= John Gilmore (tenor) =

American opera singer (1950–1994)

John Gilmore (1950 – December 7, 1994) was an American operatic tenor. His voice is preserved on several recordings made for the Metropolitan Opera radio broadcasts and on the television program Live from the Metropolitan Opera.

==Life and career==
Born in Bradford, Pennsylvania, Gilmore studied opera at the Jacobs School of Music at Indiana University where he earned both a Bachelor of Music and a Master of Music degrees. In 1980 he won the regional finals of the Metropolitan Opera National Council Auditions. That same year he was a featured soloist in Arthur Honegger's Jeanne d'Arc au bûcher with Irene Papas and The Little Orchestra Society at Avery Fisher Hall. In 1982 he portrayed the title role in the United States premiere of Haydn's Orlando paladino with the Pennsylvania Opera Theater, and appeared as the Shepherd in Oedipus rex with the Boston Symphony Orchestra under Seiji Ozawa at the Tanglewood Music Festival.

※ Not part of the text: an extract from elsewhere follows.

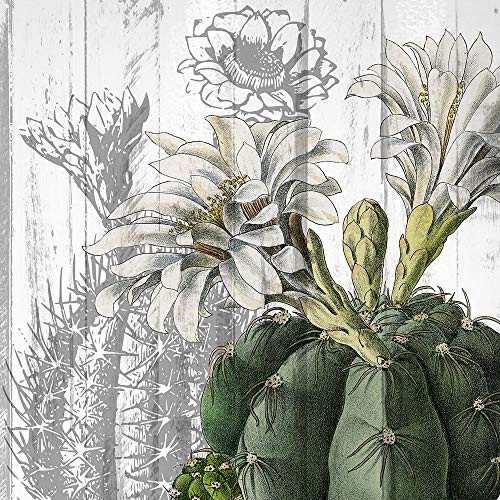 Posterazzi PDXKASQ1251CSMALL Cactus Cowboy 3 Photo Print, 18 x 18, Multi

In 1981 Gilmore made his debut at the Metropolitan Opera as Hunchback in Strauss' Die Frau ohne Schatten with Birgit Nilsson as The Dyer's Wife, Éva Marton as the Empress, and Gerd Brenneis as the Emperor. He appeared in nearly 190 more performances at the Met over the next eleven years, portraying such roles as Andres in Wozzeck, Archer in Francesca da Rimini, Count Elemer in Arabella, the Count of Lerma in Don Carlo, Eisslinger in Die Meistersinger von Nürnberg, Malcolm in Macbeth, the Messenger in Aida, Normanno in Lucia di Lammermoor, Prince Shuisky in Boris Godunov, Ruiz in Il trovatore, Scaramuccio in Ariadne auf Naxos, the Shepherd in Oedipus rex, and the Steersman in The Flying Dutchman among others. His last appearance at the Met was on January 10, 1992, as the Man with Lather in The Ghosts of Versailles.

In 1987 Gilmore toured South Korea in performances with the Seoul Philharmonic Orchestra and was a soloist with the Wilmington Symphony Orchestra. He taught on the voice faculty at the University of North Carolina Wilmington.